In the MEblue module, hub genes function as extracellular metalloproteinase, alkaline phosphatase, lipase_3 domain-containing protein, ribosomal protein, autophagy-related protein, hydrolase-1 domain-containing protein, chitinase, cellulase, and Oxidored_FMN domain containing protein, etc., which are related to HCO high expression compared with LCO. In the MEbrown module, hub genes function as ribosomal protein, glycoside hydrolase, tubulin, alkaline phosphatase, extracellular metalloproteinase, and RNA-binding domain-containing protein, etc. In the MEgreen module, hub genes function as glycoside hydrolase, glycosyltransferase, NADH-cytochrome b5 reductase, ribonuclease, Iso_dh domain-containing protein, dipeptidyl-peptidase, aminomethyltransferase, AMP-binding domain-containing protein, pyruvate kinase, tyrosine -tRNA ligase, chitin synthase, CN hydrolase, NAD(P)-bd_dom domain-containing protein, and FMN hydroxy acid dehydrogenase, etc.

4. Discussion

CO2 is an end product of cellular respiration [14]. CO2 is a critical cellular signaling molecule in all organisms. In most basic aspects of life, the transport of CO2 through membranes has fundamental roles. High CO2 concentrations are sensed by cells independent of O2 of pH via specific signaling pathways, causing distinct effects (phenotypes) [15]. The CO2-induced enhancement of plant growth indicates that rising atmospheric CO2 has contributed to the shrubland expansions of the past 200 years [10]. CO2 plays a key role in respiration in mammals, microbial photosynthesis in plants and algae, and chemoreception in insects. During sexual reproduction, CO2 inhibits cell–cell fusion but not filamentation [18]. Elevated CO2 directly or indirectly influences plant–biotic interactions. For instance, elevated CO2 alters reactive oxygen signaling, phytohormone secondary metabolism, and defense-associated development. Elevated CO2 also directly or indirectly influences herbivory- or pathogenesis-related traits in pest and pathogen populations and alters predator–prey interactions by interfering with chemical communications and indirect defenses in pests [20]. In a previous study, carbon dioxide was shown to influence the initiation of the fruiting body development of mushrooms such as Schizophyllum commune, F. filiformis, and Agaricus bisporus [29,30]. However, research on the responses of P. ostreatus under different carbon dioxide concentrations is limited. The inhibition of pileus expansion by high CO2 levels was especially conspicuous in P. ostreatus, causing a trumpet-shaped deformation of the pileus, occasional swelling of the stipe accompanied by sponge-like tissue, and, occasionally, malformed small pileus surfaces.

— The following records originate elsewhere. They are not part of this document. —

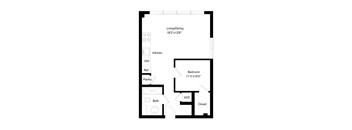 A floor plan of a small apartment with a living/dining area, kitchen, bathroom, bedroom, pantry, and closet.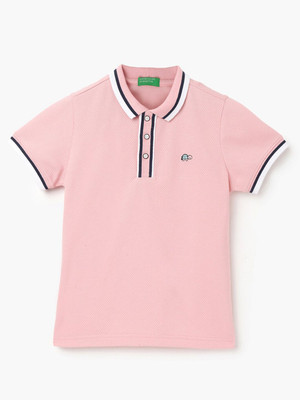 United Colors of Benetton Boys Solid Pure Cotton Regular T Shirt(Pink, Pack of 1)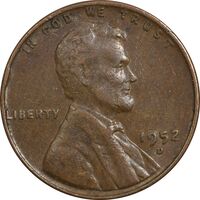 سکه 1 سنت 1952D لینکلن - EF40 - آمریکا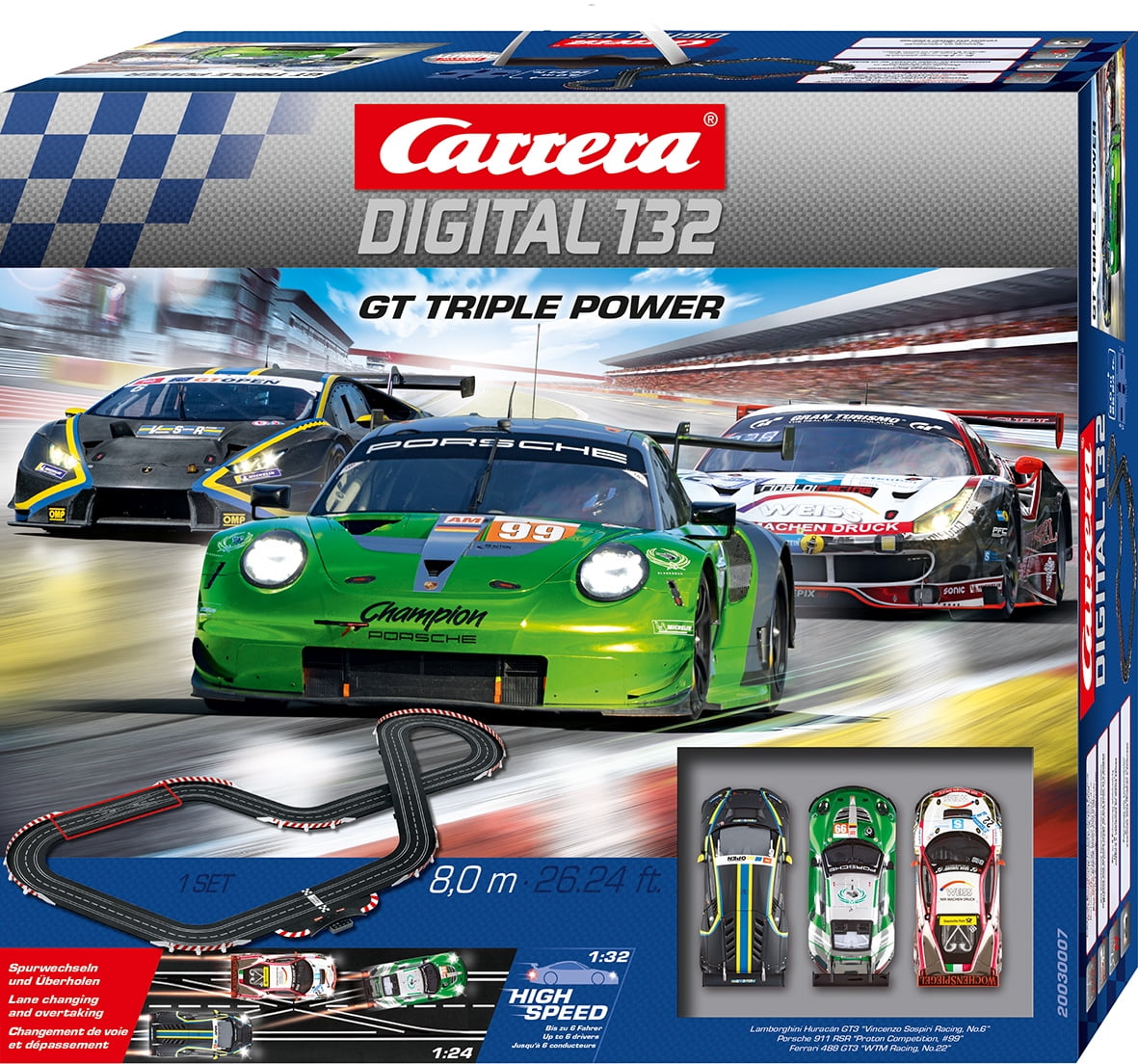 Carrera 30007 GT Triple Power Digital 132 Slot Car Racing Track Set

The expansion of the pileus, the basidiospore-forming area, is inhibited at high CO2 concentrations. As we can see from the results, the expression of the sexual differentiation process protein Isp4 (A0A067N4P4) was significantly down-regulated in the HCO group. Sexual differentiation process proteins have been studied in Schizosaccharomyces pombe and some other fungi [31,32], and isp4 has been found to be up-regulated by nitrogen-starvation-induced meiosis. A0A067N4P4, which might be involved in meiosis and reproduction in P. ostreatus, has 53.0% amino-acid sequence identity with Isp4 in S. pombe (NP_595653). The unmatured pileus at high CO2 concentrations also inhibits the sexual production process. In the natural environment, a high CO2 concentration indicates poor ventilation, which is not good for basidiospore dispersal. Therefore, the mushroom might control the sexual process by controlling the fruiting body morphology.

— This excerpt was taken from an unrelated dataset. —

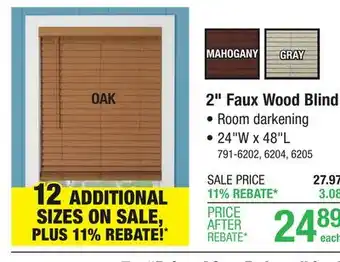 Menards Window Images 2 Oak Room Darkening Cordless Faux Wood Blind - 24W x 48L offer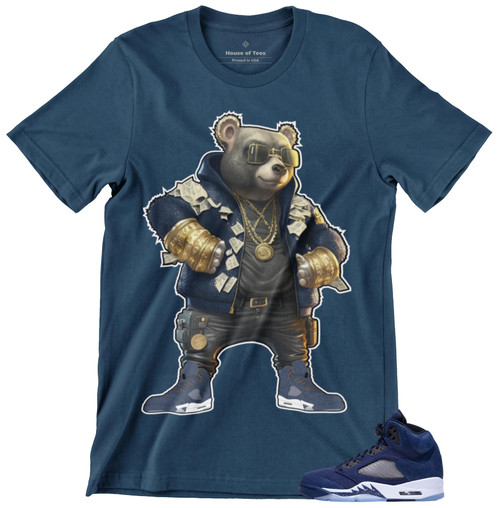 Men's T Shirt to Match Jordan 5 Midnight Navy, Graphic Urban Streetwear Tee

GO enrichment indicated that enzymes related to hydrolase activity [GO:0016810] were significantly enriched (with the lowest p-value) at a high CO2 concentration. Several amidohydrolases were significantly highly expressed in the HCO group, and no amidohydrolase was significantly down-regulated in the LCO group. Alfonso et al. reported that amidohydrolase might be related to autolysis in penicillin, and Donovan et al. reported that amidohydrolase might be related to cell wall lysis [33,34]. Therefore, the high expression of amidohydrolase in the HCO group indicates that cell wall biosynthesis might be influenced by a high CO2 concentration. Indeed, some cell-wall-synthesis-related proteins were also significantly highly expressed at a high CO2 concentration (A0A067NEG7), such as chitooligosaccharide oxidase (A0A067NL12), chitin deacetylase, and chitinase-3-like protein 2 (A0A067NHR3). The results indicate that the morphological change in P. ostreatus at a high CO2 concentration was regulated by the differential expression of cell wall biosynthesis.
Kinase-mediated protein phosphorylations play pivotal roles in the regulation of cellular processes. Physiological CO2 concentrations induce filamentation by the direct stimulation of cyclase activity. Filamentation is mediated by second messengers, such as cyclic adenosine 3′,5′-monophosphate (cAMP) synthesized by adenylyl cyclase. The link between cAMP signaling and CO2 sensing is conserved in fungi, and the cAMP signaling pathway in turn controls the growth, differentiation, and virulence factors of fungi [35,36]. Different kinases may be involved in the subsequent regulation of cellular processes. In high CO2 concentrations, the expression of many kinases was significantly down-regulated, such as A0A067NLY8, A0A067NNC2, A0A067NJ97, A0A067NHQ7, A0A067N5R0, A0A067NR52, A0A067NIN8, A0A067PB97, A0A067N9N0, A0A067NAM8, and A0A067NE46. However, no predicted kinase was highly expressed under high CO2 concentrations. In this study, the sample for proteomic analysis is the pileus part. The small pileus combined with the proteomic analysis results suggests that the metabolic activity is lower in high CO2 conditions. High CO2 concentrations might inhibit the expression of kinases, which further inhibit the metabolism and development of the fruiting body pileus.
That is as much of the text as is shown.